+++ Entries supplied +++

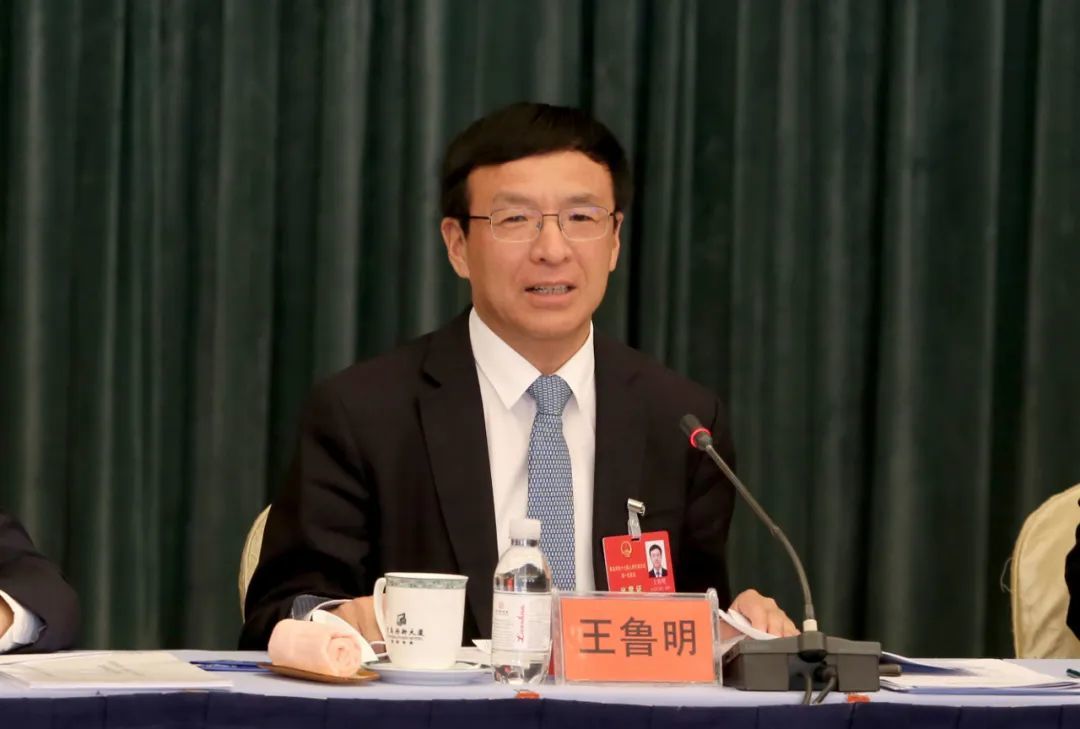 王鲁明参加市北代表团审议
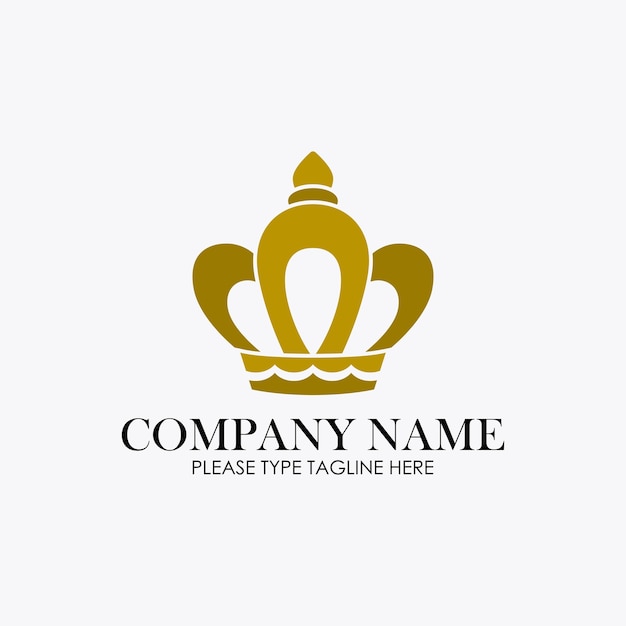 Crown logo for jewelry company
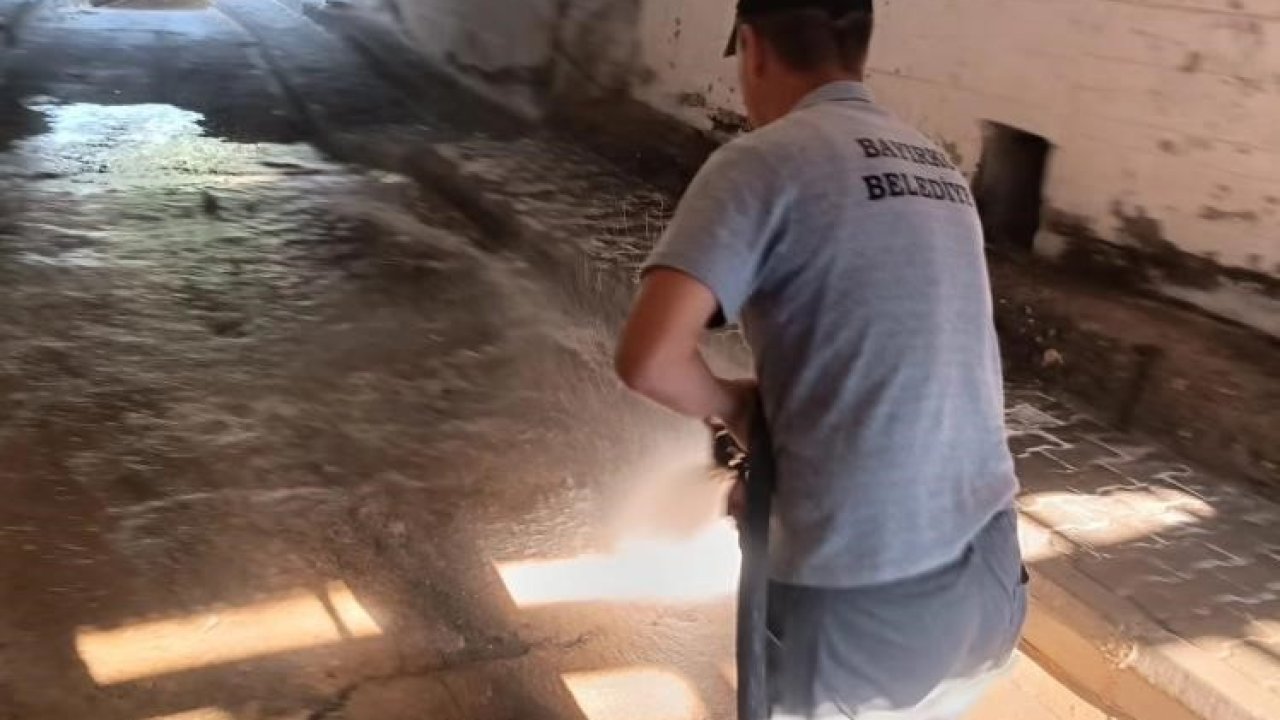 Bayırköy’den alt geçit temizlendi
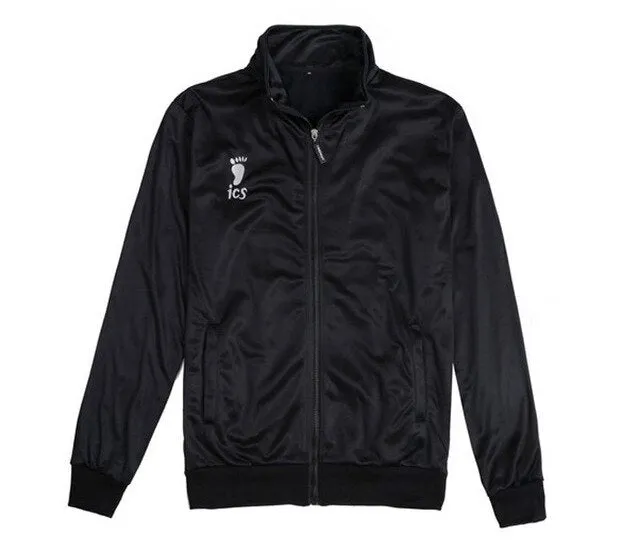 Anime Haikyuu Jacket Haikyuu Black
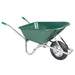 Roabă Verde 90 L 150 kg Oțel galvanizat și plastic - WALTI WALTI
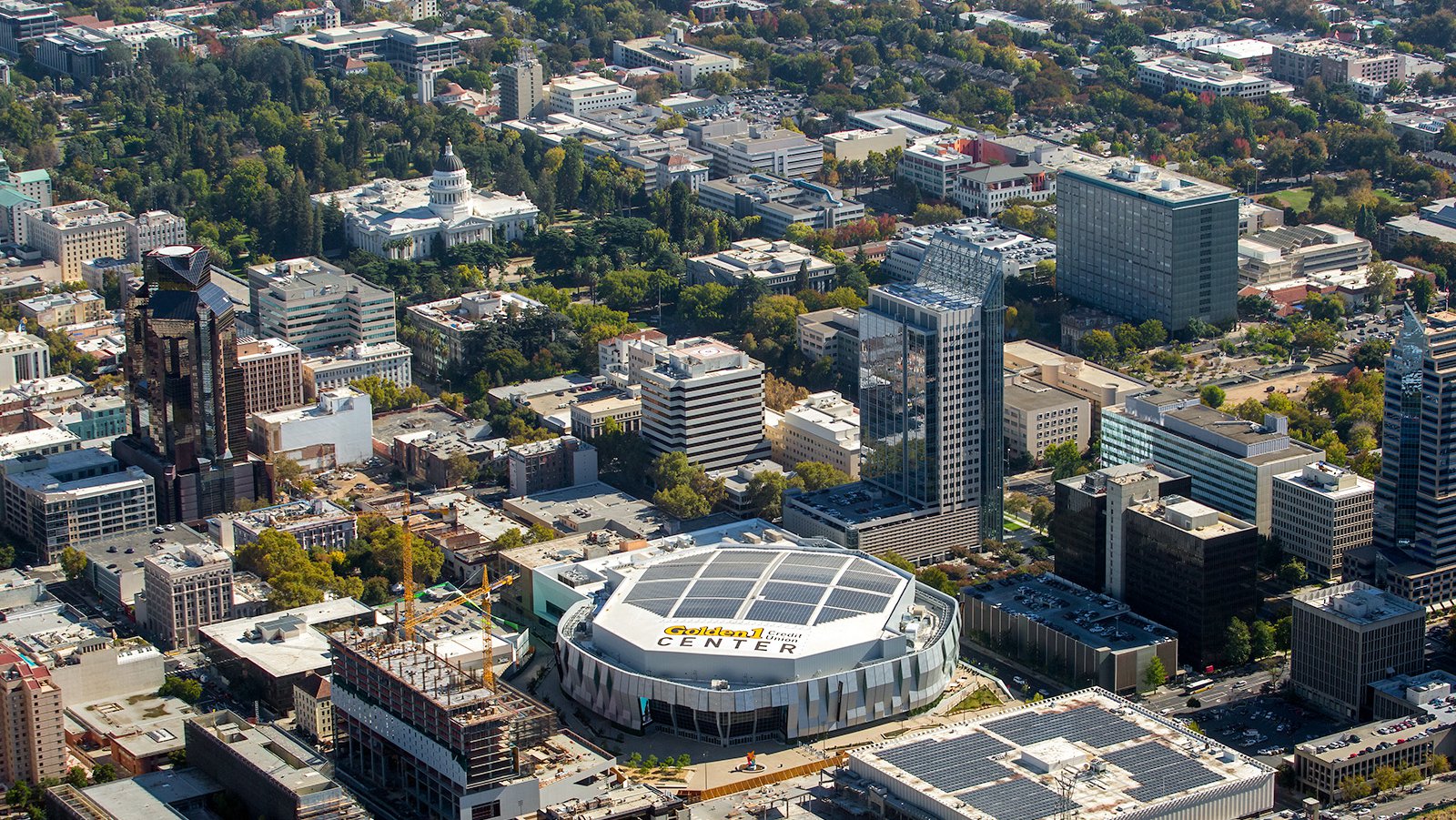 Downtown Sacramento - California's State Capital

+++

◆ **What to work on**: Although the records above contain pictures, your copy should give only their text, exactly as written.

◆ **Result**:
 王鲁明参加市北代表团审议
 Crown logo for jewelry company
 Bayırköy’den alt geçit temizlendi
 Anime Haikyuu Jacket Haikyuu Black
 Roabă Verde 90 L 150 kg Oțel galvanizat și plastic - WALTI WALTI
 Downtown Sacramento - California's State Capital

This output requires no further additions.